#### [EXERCISE OBJECTIVE]
Exclude the pictures and reproduce exactly the lines that run from the one holding "MagCard｜Trench #iPhone Air" to the end of the entries below.

═════ DATA SHOWN ═════

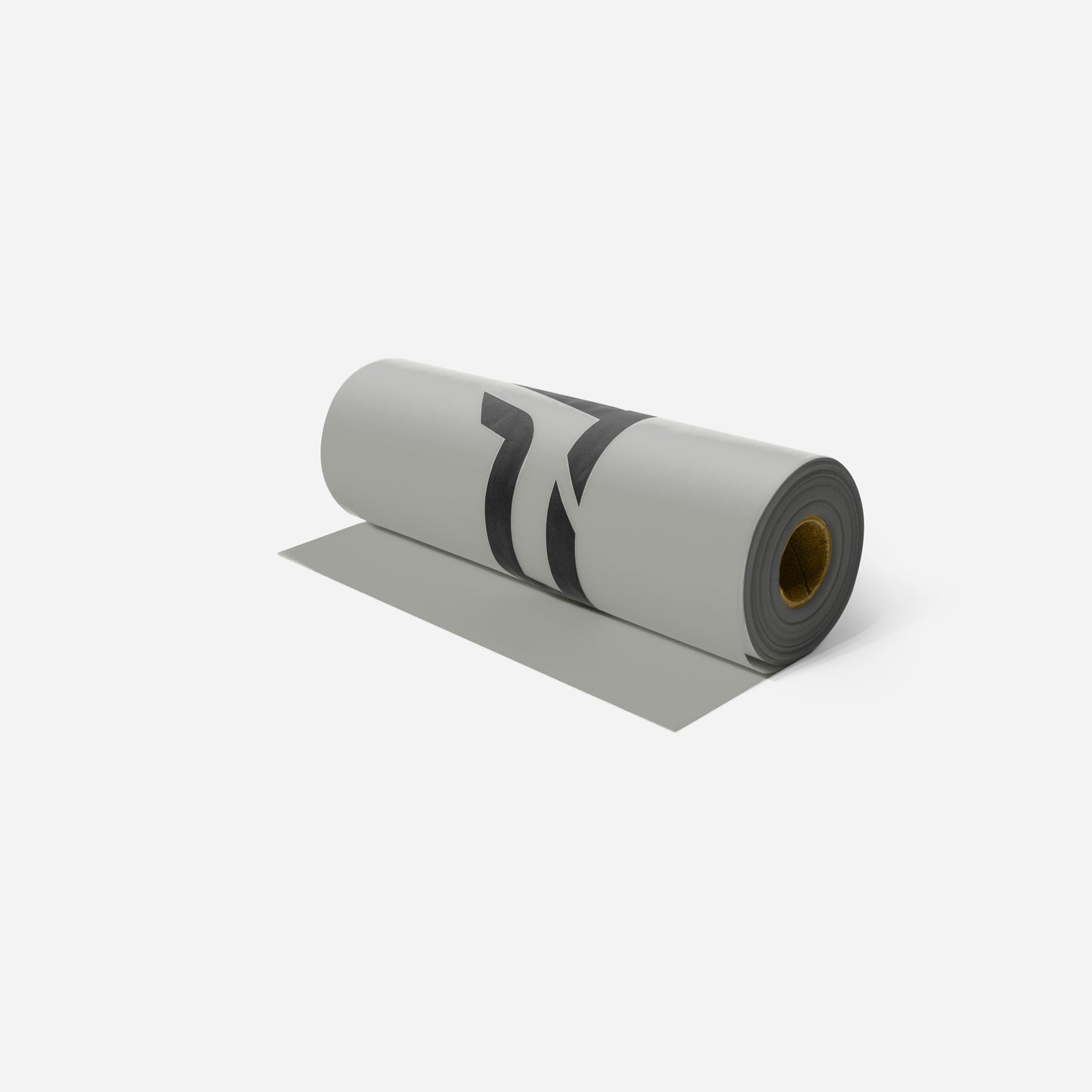 MEDIBAND ULTIMATE 5.48M (18FT)) SINGLE BOX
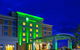 Holiday Inn Battle Creek - thumb 13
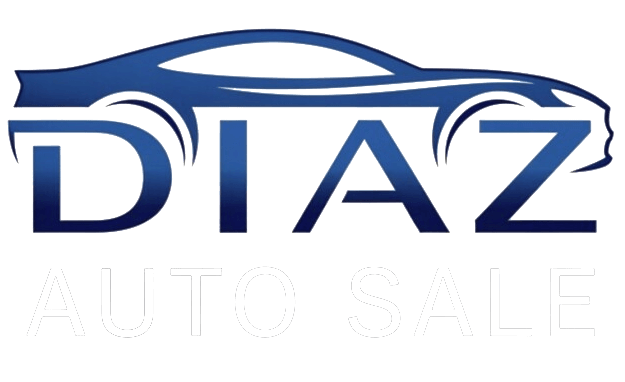 Diaz Auto Sale LLC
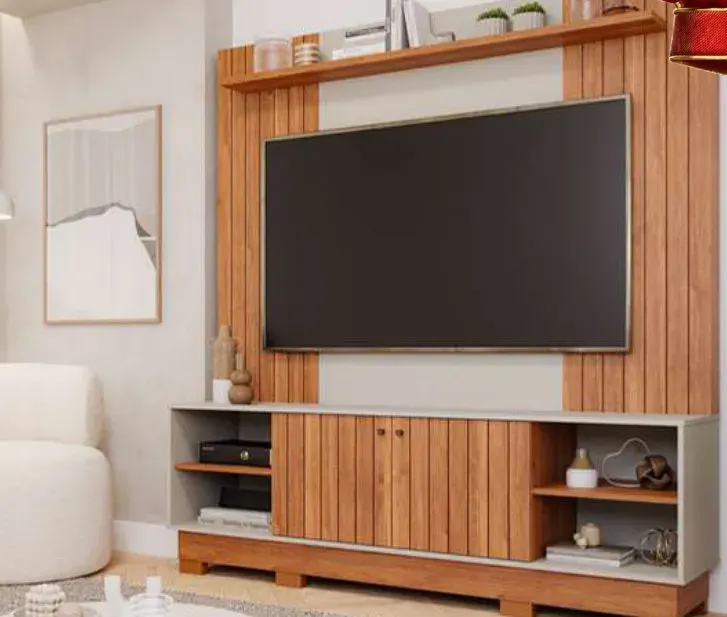 Home Caribe, CINAMOMO / OFF WHITE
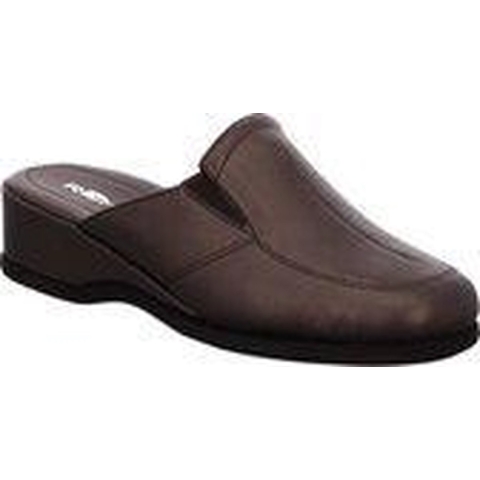 Rohde 6142 Pantoffels
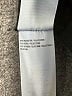 Susan Graver Black Active Pants Size XL (petite) - photo 5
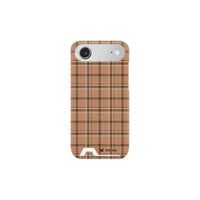 MagCard｜Trench #iPhone Air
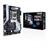 ASUS PRIME X299-A LGA 2066 Motherboard - 6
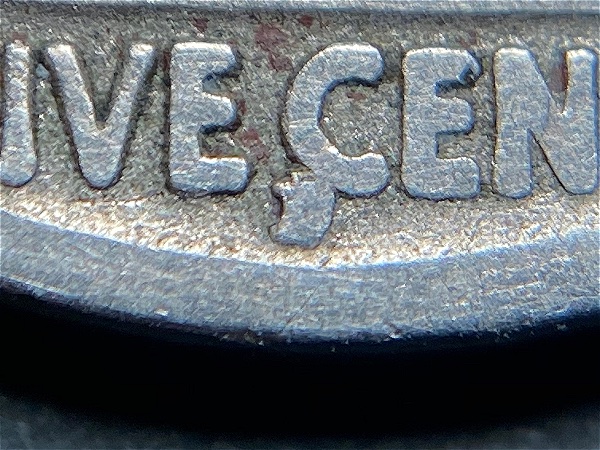 1915-D-Buffalo-Nickel--RPM-FS-501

═════

#### [RESPONSE TO THIS TASK]
 MagCard｜Trench #iPhone Air
 ASUS PRIME X299-A LGA 2066 Motherboard - 6
 1915-D-Buffalo-Nickel--RPM-FS-501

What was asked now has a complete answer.